Perceforest, concerning the hardy king errant who dared "pierce" the evil forest, where he was transformed into a bear, was first printed in Paris in 1528, as La Tres Elegante Delicieux Melliflue et Tres Plaisante Hystoire du Tres Noble Roy Perceforest in four volumes and soon (1531) printed in Italian. An episode contained in Perceforest, the “Histoire de Troïlus et de Zellandine,” (Book III, chapter lii) is the earliest version of the Sleeping Beauty theme, though here Troilus rapes Zellandine in her deep coma, and she delivers the child without waking. According to the Oxford Companion to Fairy Tales, "it was read in France, and in northern Germany was performed as a pre-Lenten Shrove Tuesday drama in the mid-1400s." Charles IX of France was especially fond of this romance: four volumes of Perceforest were added to the Royal library at Blois sometime between 1518 and 1544, and were shelved with the Arthurian romances [1]. (The royal library was later removed to Fontainebleau and thence to Paris, where it became the core of the Bibliothèque Nationale.)

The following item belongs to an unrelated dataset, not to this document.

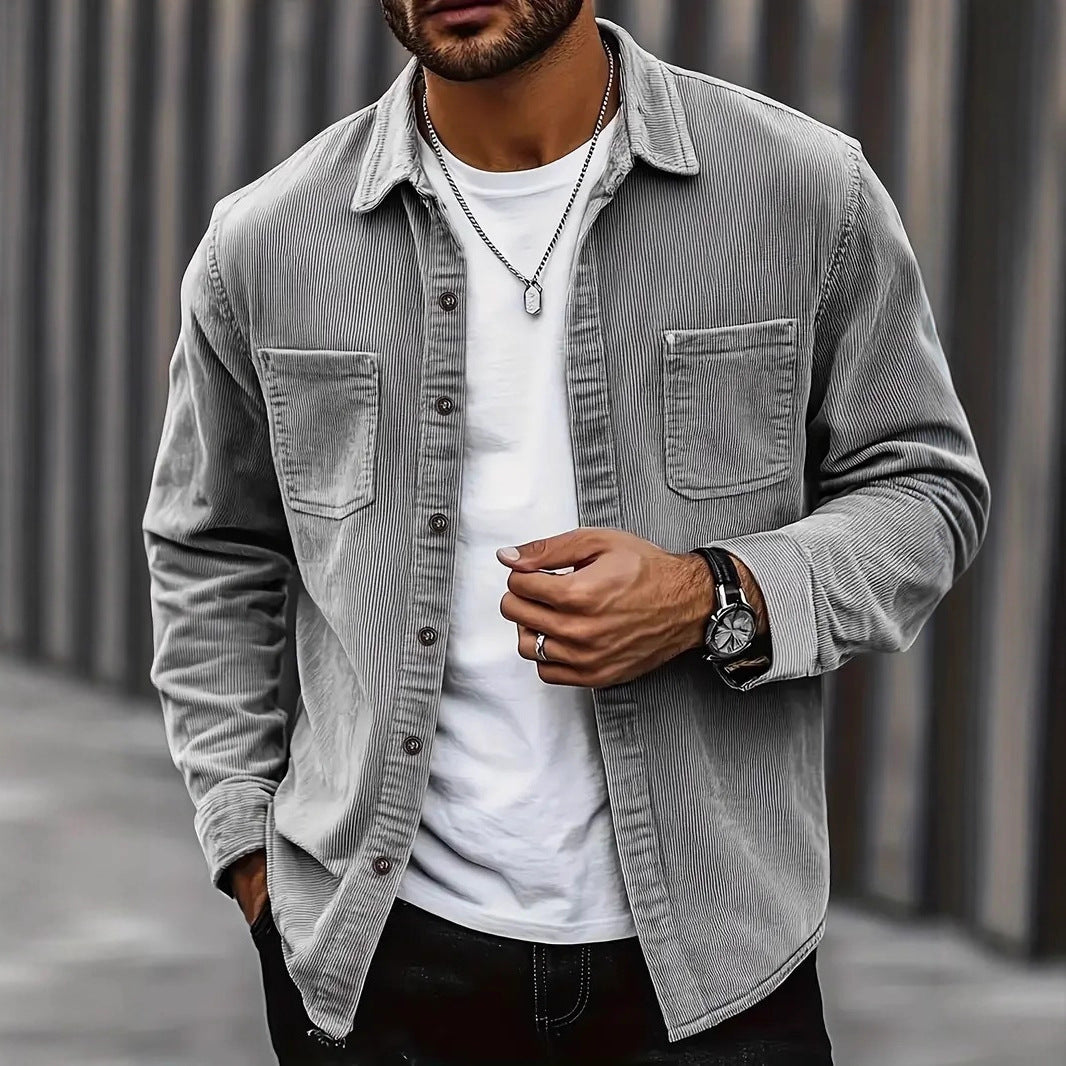 TOM™ | Men's Casual Corduroy Button-Up Shirt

An elaborate frame story tells how the "Greek" manuscript was discovered by count William of Hainault in a cabinet at “Burtimer” Abbey; in the same cabinet was deposited a crown, which the count sent to king Edward. The romance was known and referred to in 14th-century England. A Spanish translation is also known.

Perceforest, like other late Gothic romances, was vaguely remembered but largely unread until the late 20th century: earlier and High Medieval literature have previously taken center stage. Readers of the Age of Enlightenment were not always delighted with Perceforest when they came upon it:

" Donna Rodolpha's Library was principally composed of old Spanish Romances: These were her favourite studies, and once a day one of these unmerciful Volumes was put regularly into my hands. I read the wearisome adventures of 'Perceforest,' 'Tirante the White,' 'Palmerin of England,' and 'the Knight of the Sun,' till the Book was on the point of falling from my hands through Ennui."

confesses Matthew Lewis's hero of The Monk (1796), an incunable of the Gothic novel (vol. II, chapter 1). Gerard de Nerval, in a fictional letter published as part of his Angélique (1850), tells of an antiquary who fears for the safety of the valuable first printed edition of Perceforest at the hands of a rioting mob, using Perceforest to suggest the antiquary's arcane concerns.

[edit] References

  • Myriam Yvonne Jehenson, "Quixotic Desires or Stark Reality?", the "Sleeping Beauty" episode mentioned.
  • Dr Helen Nicholson, "What was a Medieval woman?", includes excerpts.
  • Gilles Roussineau, Le Roman de Perceforest, 2001, ISBN 2-600-00620-6. Roussineau identified the Perceforest origins of "Sleeping Beauty" in "Tradition Littéraire et Culture Populaire dans L'Histoire de Troilus et de Zellandine (Perceforest, Troisième partie): Version Ancienne du Conte de la Belle au Bois Dormant," in Arthuriana (Spring 1994): pp30 - 45.
  • Mihaela Voicu, Histoire de la littérature française du moyen âge, xii.1, Bucharest 2003 e-text (in French)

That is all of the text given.